Catholic Christology has caught the spirit of Aristotle's teaching. It

is not primarily speculative. It is in close touch with fact. It is

the outcome of a deep-felt want. Redemption is the first demand of

religious experience; so it is the motive and theme of all Christology.

The soul views itself as a member of a world of souls estranged from

God, and for its own peace and welfare seeks to effect a union between

od and the world. Such a union, to be effective, must preserve the

being and value of the world. If there were no world or only a

valueless world, there would be nothing to redeem, or nothing worth

redeeming. Seeking that union in personality, and in the most

marvellous personality of history, the orthodox theologians by a true

instinct ascribed to Him both divine and human natures. He is the

cosmic unity of opposites. His person is the cosmic relation. In that

person the lower term of the relation has true being and full value.

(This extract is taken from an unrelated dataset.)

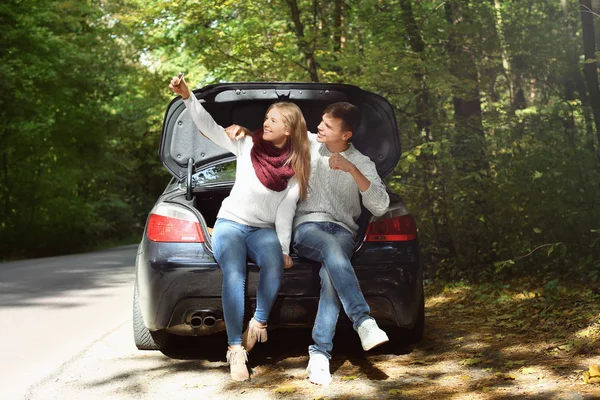 Çift alarak selfie car yakınındaki — Stok fotoğraf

Thus the Church steered a middle course between the Scylla of

co-existence and the Charybdis of identity.

These a priori deductions as to the being of Christ were verified by

a reference to fact. The life-story of the historic Christ comprises

two distinct groups of experience. There are thoughts, deeds, and

words attributed to Him that only God could have thought, done, and

said. There are as well thoughts, deeds and words of His that only a

man could have thought, done and said. Hence the diphysite doctrine

was verified a posteriori. Again, in both groups of experience there

is a never-failing connecting link. There is a unity lying deeper in

His consciousness than the duality. Christ, the Agent, is the same in

both parts. Whether as God or man, He is never out of character.

Hence the unity of the person also was established a posteriori.

Thus, to the orthodox Christologians, the expectation that the human

Ideal would be a unity, comprising divinity and humanity, was justified

by historical fact.

They found a further verification on applying the test of practice.

Orthodox Christology satisfies the requirements of the soul. Man's

chief spiritual need is access to God through "a daysman that might lay

his hand upon both." An exemplar, even though perfect, is not adequate

to his need. The unio mystica can only be experienced by the

leisured few. Man demands a religion of redemption, a redemption that

allows value to labour, to endeavour, to human thought, that recognises

the reality of pain and sorrow and sin, a redemption that redeems

humanity in all its phases and in the wealth of its experiences. An

Agent that has not shared to the full those experiences is useless for

the purpose. Redemption must be the work of One who knows God and

knows man, of One who has the touch of sympathy; for to such a touch

alone can humanity respond. The Christology that makes Christ Jesus

consubstantial with God and with man satisfies man's deep-felt need.